Police Use DNA Test On TC Noose

By Tom Faure and Joy Resmovits

Published October 19, 2007

The New York Police Department’s Hate Crime Task Force is using DNA fingerprinting technology to identify the person who hung the noose on a Teachers College professor’s door, but still have no suspects.

On Wednesday, TC Director of Communications Diane Dobry said she called the president’s office in response to an inquiry about rumors that Suniya Luthar, TC professor of psychology and education and a purported rival of Madonna Constantine, on whose door the noose was hung, committed the hate crime. She said these rumors were unfounded. “No one in the administration imagined that she has any connection with the incident. The detectives investigating this have never suspected any involvement in the incident,” Dobry said.

Later that day, at TC President Susan Fuhrman’s State of the College address, Fuhrman denounced the press for implicating Luthar.

“On the most personal level, the hanging of the noose targeted Madonna Constantine, one of our very distinguished African American faculty members,” Fuhrman said. “It also embroiled Suniya Luthar ... she herself became the target of an awful and vicious press campaign.”

As the press descended on Columbia last week, the New York Post quoted police sources as saying that Luthar had replaced Constantine when she was on sabbatical, and that Luthar was upset to give up the post when Constantine returned.
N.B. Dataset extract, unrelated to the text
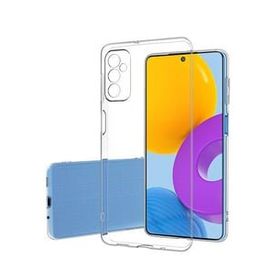 Teleplus Samsung Galaxy M23 Kamera Korumalı Lüks Silikon Şeffaf Kılıf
The Post also reported that Constantine had filed a defamation suit that sought damages “in excess of $100,000” against Luthar.

Paul Browne, the NYPD’s deputy commissioner for public information, also denied last Wednesday that the police suspected Luthar, saying, “that is flatly wrong.” But the Post and other news outlets continued to report on Luthar.

Browne said Thursday that the NYPD is using DNA testing of the noose in efforts to identify the perpetrator but that no leads had surfaced yet. “We haven’t identified a suspect yet,” he said, specifically denying that Luthar was a suspect.

The Hate Crime Task Force is still speaking with all faculty members in the department.
Michael Osgood, supervising investigator for the NYPD Hate Crime Task Force, said hate crimes in the city generally occur at random. “There is no pattern. Spatially and temporally, they occur in a random manner.”

Fuhrman said that, despite being certain of Luthar’s innocence, she could not comment about Luthar last week because of legal and privacy concerns. “I regret that in the effort to protect her privacy and under legal advice not to comment about her in any questions about the incident even when specifically asked about her, we didn’t offer her the public support she deserves,” Fuhrman said.